Giustizia / 1 – Mettete il morso a quei magistrati

Come il famoso cane di Pavlov, il potere risponde agli stimoli con comportamenti sempre uguali, ripetitivi, immutabili. Non manca mai di lanciarsi sugli investigatori che indagano troppo, che non guardano in faccia a nessuno, insomma che vogliono applicare la legge. Salvo poi sostenere che non è il palazzo, ma la critica e la satira ad alimentare l’antipolitica. Ultime le reazioni del guardasigilli Mastella e il coro ululante della destra (ma anche troppi silenzi del centrosinistra), alle parole dei magistrati Forleo e De Magistris, “colpevoli” di aver detto a Santoro in tv di sentirsi isolati e di subire intimidazioni non esterne, insomma dalla gerarchia. Tutto perché anche loro hanno avuto l’ardire, o la sconsideratezza, di toccare qualche “santuario”.
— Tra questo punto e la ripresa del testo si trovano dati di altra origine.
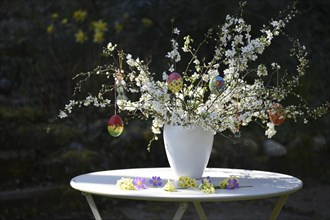 Easter bouquet with hand-painted Easter eggs in a vase in the garden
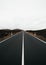 Vertical image of empty road with perfect symmetric lines at overcast day. Travel shot from trip of Lava island - Lanzarote (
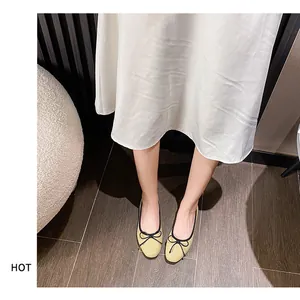 On-foot view of pale yellow ballet flats with black ribbon bow and contrasting trim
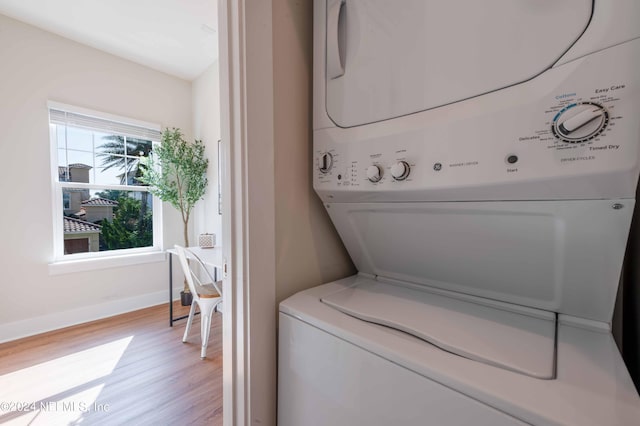 6833 A Ave, Saint Augustine, FL 32080 - washroom featuring stacked washing machine and dryer, light wood-type flooring, and baseboards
E’ un copione logoro. Forse non tutti ricordano che va in scena ormai da più di un trentennio. Nei primi anni ’70 scoppiò tra Genova e Roma lo scandalo dei petroli, coi partiti (dell’allora maggioranza di centro) che ricevevano percentuali sulla base dei prezzi dei carburanti, per cui più aumentava la benzina più mettevano in tasca. Contro i tre “pretori d’assalto” Almerighi, Brusco e Sansa che avevano osato rompere il giochino ci fu tempesta: minacce di “avocazione” e d’altro tipo, servizi segreti scatenati contro e un solo politico schierato dalla loro parte: Pertini, a quel tempo presidente della Camera. Poi naturalmente tutto finì come doveva, con la prescrizione. Il bis dieci anni dopo quando tra Genova e Savona scoppia il caso Teardo, il presidente della Regione, piduista, che col suo clan imponeva taglie su affari e imprese. Al momento degli arresti per quel racket di tipo mafioso, arriva Intini a portare la solidarietà del Psi ai “prigionieri politici”. Segue l’an nuncio di Craxi: “Con gli inquirenti poi faremo i conti”. Parola mantenuta perché il pool investigativo venne letteralmente disperso.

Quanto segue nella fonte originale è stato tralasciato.